まず、なぜ26インチぐらいでフルスペックハイビジョンテレビ(画素数1920×1080)が発売されないのか?

多くの視聴者を集めて、普通のテレビの上下を切って横長にした映像と、同じ画面のHDTVを並べてブラインド・テストを行うと、20インチ前後では、ほとんどの人に見分けがつかなかった。30インチを超えると、半分ぐらいの人が見分けられるようになり、40インチぐらいの大型スクリーンになると全員がわかるようになる。

見分けがつかないのなら23〜26インチという普及帯に高額なフルスペックハイビジョンを投入する必要はないわけです。
23〜26インチといった普及帯には高額なフルスペックを使わなくとも十分。
高額なフルスペックを使わないことで価格を抑えることも出来ます。


なんだ、技術的に出来ないんじゃなくて、やっても仕方ないからやらないのか。
すごく納得。
メーカーが大画面テレビにチカラを入れてる理由も頷けますね。
だって「大画面でないと見分けがつかない」んだもん。


もうひとつの、なぜ地上デジタルの単体チューナーが出ないのかという疑問。
これは2005年までの統計ペースでデジタルチューナー搭載テレビの普及が進むと、2011年のアナログ停波のときには全国1億3千万台のテレビのうち1億台近くのテレビがアナログのまま残ることになります。
そんな状態でアナログ停波なんかしたら1億台近いテレビがすべて粗大ゴミと化し、視聴者はパニックになるでしょう。
他にもアナアナ変換の問題もあって2011年にアナログ停波は無理。
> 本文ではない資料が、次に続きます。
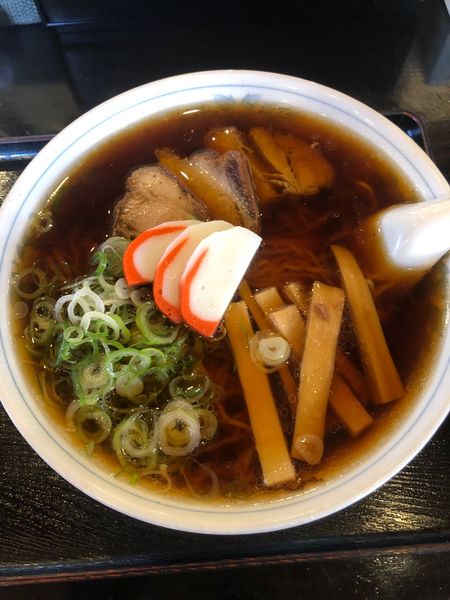 「中華そば　大盛り」@大石家 伊那店の写真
2016年ぐらいまでアナログ放送は延長されるんじゃないかという見込みです。
そしてデジタルチューナー搭載機の普及が進まなければ、国費でアナデジコンバーターを配ることも検討されるのではないかという予測もあります。


そう考えると単体チューナーを発売しても無駄なわけです。
どうせ2011年にはアナログ停波なんて出来っこない。
それなら地デジチューナーを搭載しないことで価格を抑え、競争力のある製品を作った方がマシ。
国費でアナデジコンバーターを配ることになるのなら、地デジチューナーなんて元々付けなくてもいいでしょ? と。
自腹でカネを出してチューナー搭載機を買った人と、国費で配られた人のあいだに格差が生じて、それはそれで大問題になりますから。
これもすごく納得。
こっちも技術的に出来ないんじゃなくて、やっても仕方ないからやらないのね。


やっても仕方ないからやらないっていうのが技術屋的な考え方で自分はすごく納得出来たなぁ。
その分、今年の春に地デジチューナー搭載テレビへの買い換えを考えてたけれど、買い換える気はなくなったなぁ。


フルスペックと地デジの疑問はとけたけれど、ひとつ疑問が生まれました。


いまテレビ放送に使ってるVHF帯を電気通信事業者に明け渡し、電波の適正利用を促すというのが地デジ移行の理由のひとつですが、果たしてVHF帯が欲しい事業者なんているんですかね?
この本の「電波とは何か」という項を読んでいてそう思ったのですが。
この辺もちょっと調べてみないといけないですね。